Face au commissaire européen au Budget, Günther Oettinger, évoquant une coupe de 5 à 10 % dans le budget de la Pac après 2020, les députés de la commission agricole du Parlement européen, réunie ce mercredi 21 février 2018 à Bruxelles, ont vivement réagi.

Une politique fondamentale

Sans nier l’importance des nouvelles priorités de l’Union (migrations, lutte antiterroriste…), l’eurodéputé français Éric Andrieu rappelle que la souveraineté et la sécurité alimentaire étaient également fondamentales. Évoquant la transition agricole nécessaire pour répondre aux enjeux de la santé, de l’écologie et de l’emploi dans les territoires, « si les moyens ne sont pas au rendez-vous, ce sera très difficile », prévient-il.

 

Pour Maria Linda Senra Rodriguez, députée espagnole, « dans le contexte actuel il est inacceptable de faire des coupes dans le budget de la Pac », même si elle souhaite « une nouvelle répartition » et un plafonnement des aides.

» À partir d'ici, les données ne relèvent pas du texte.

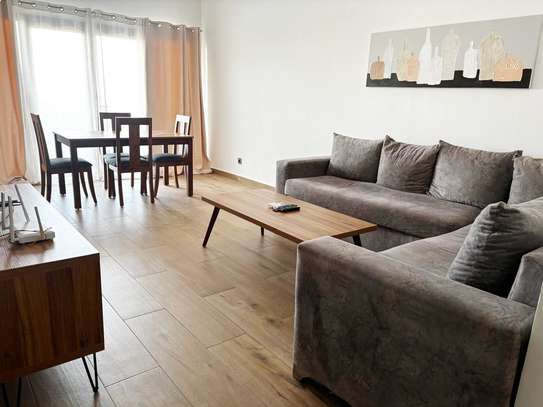 Appartements à Louer image 5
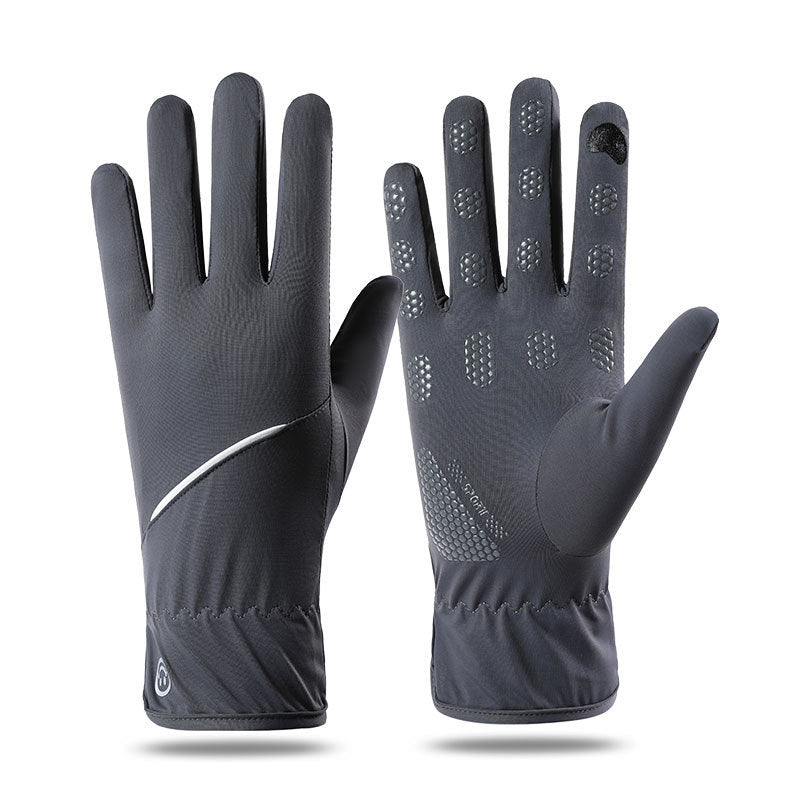 Women’s Sports Gloves Bowlift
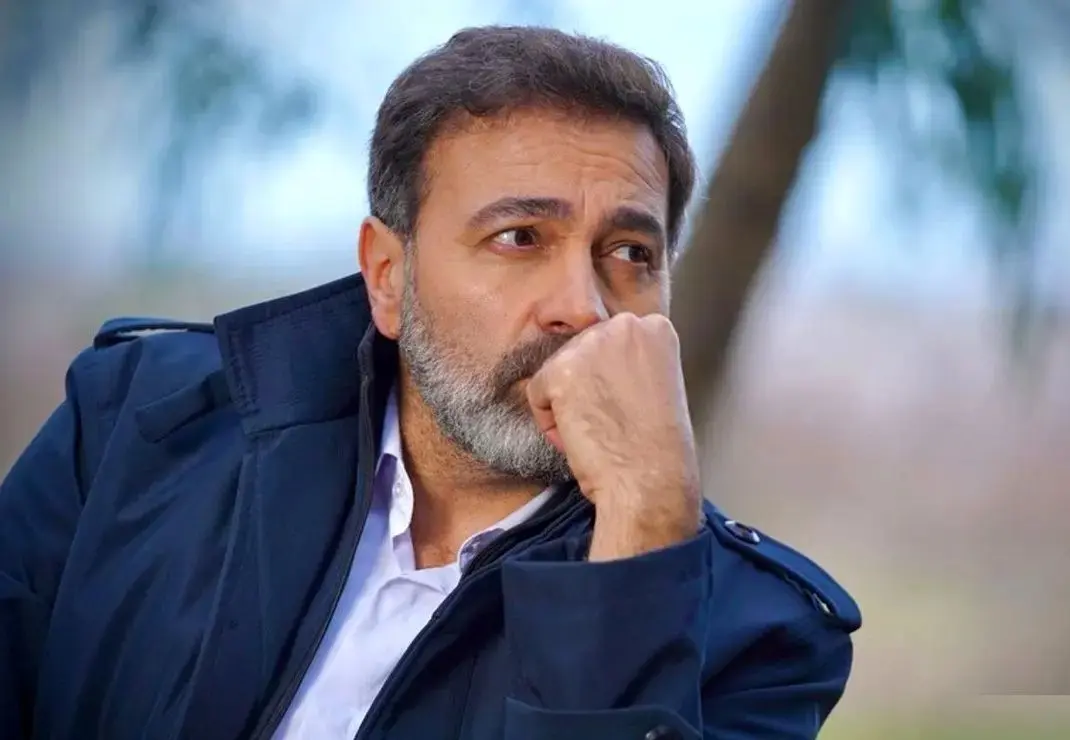 آرش مجیدی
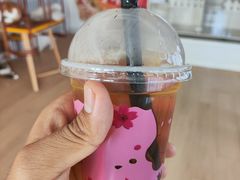 -Let's go狗咖·猫咖·奶狗·桌游(春熙路IFS店)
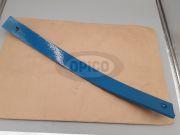 77LM3444034 - 2ND SLAT R/H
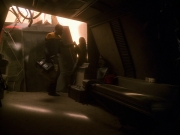 Filename=extant_StarTrek_VOY_5x13-Gravity_00832.jpg
Filesize=145KiB
Dimensions=1200x900
Date added=Nov 12, 2019 extant_StarTrek_VOY_5x13-Gravity_00832.jpg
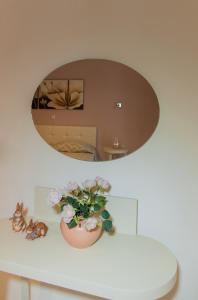 Crete Residence Villas Rethymno Greece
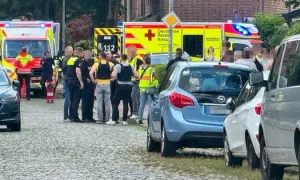 Киргизстан вперше в історії обрали до Ради Безпеки ООН — Euronews
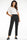 Women trousers awama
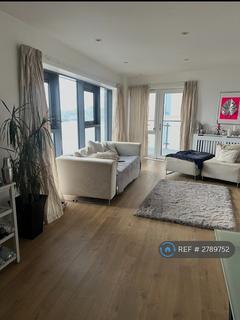 undefined, Centenary Plaza, Southampton, SO19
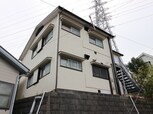 仲尾崎ハイツ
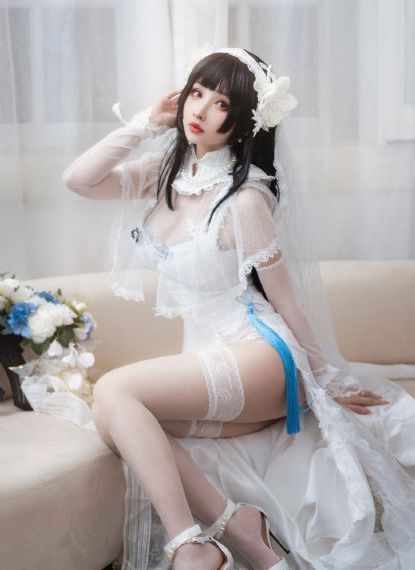 天赐的声音第5季 综艺_1080P免费观看最新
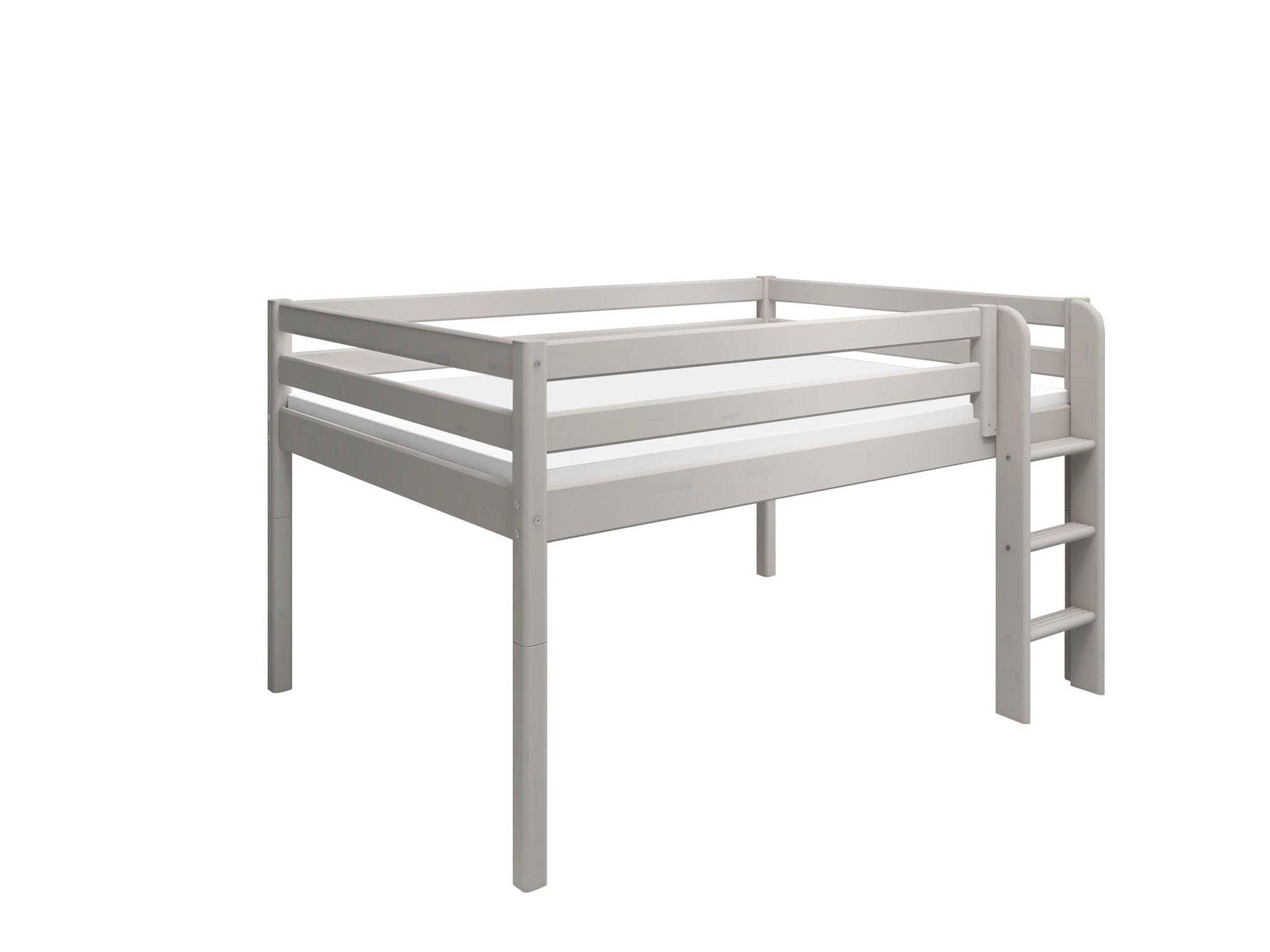 [product_category]-FLEXA Mid-high bed-FLEXA-5706459123158-90-10108-3-FLE-7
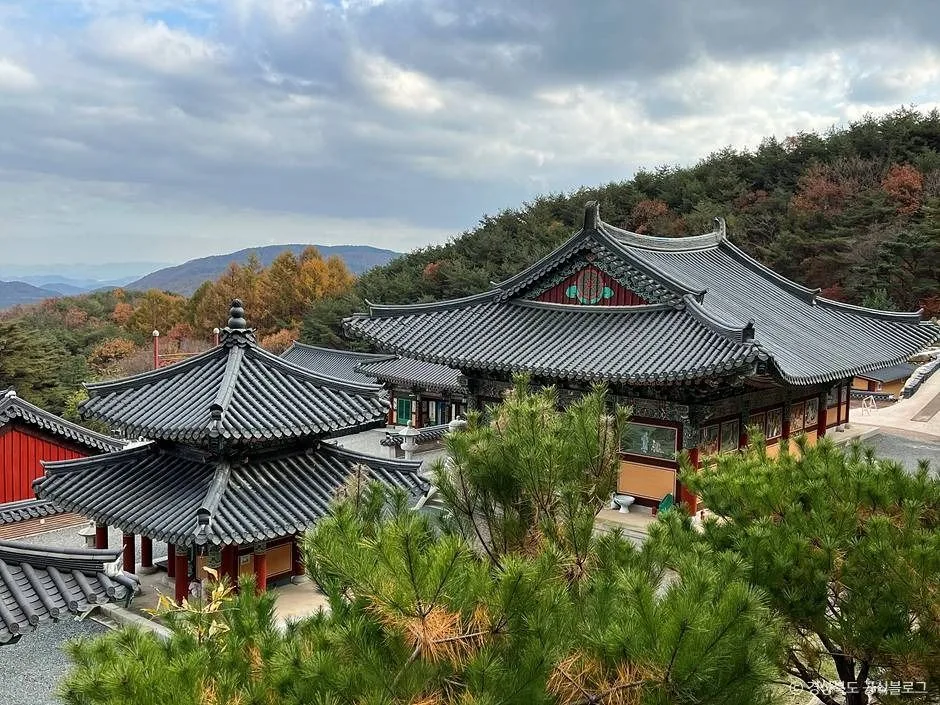 성주_심원사(성주) (7)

Elle souligne également qu’avec davantage de politiques en faveur de la régulation et de prix rémunérateurs, « nous aurions moins besoin d’aides publiques ».

Des conséquences dramatiques

Martin Hausling, député allemand, s’inquiète de la répartition des coupes entre premier et second piliers et se prononce en faveur d’un meilleur ciblage des aides du premier pilier pour préserver la biodiversité, le climat et l’emploi, « afin de mieux défendre cette politique devant nos concitoyens ».

 

« Tout ce que vous avez dit, pour moi, c’est du blablabla », attaque le député français Philippe Loiseau, qui ne voit « que des réductions » et prédit « des conséquences dramatiques sur les agriculteurs de plusieurs pays dont la France ». En effet, contrairement à d’autres aides publiques, les aides de la Pac ne sont pas qu’un soutien à une activité mais un « soutien au revenu de l’individu », ajoute à son tour Michel Dantin.

Le contenu avant les moyens

De nombreux autres députés européens ont pris la parole pour souligner l’importance de la Pac non seulement pour les agriculteurs, mais aussi pour les consommateurs à qui elle offre l’accès à une alimentation saine, abordable et de qualité. Ils mettent aussi en avant la transversalité de cette politique publique qui a un impact sur l’environnement, la santé et l’emploi dans les territoires. Il faudrait d’abord définir le contenu de la Pac avant d’en définir les moyens, estiment plusieurs d’entre eux.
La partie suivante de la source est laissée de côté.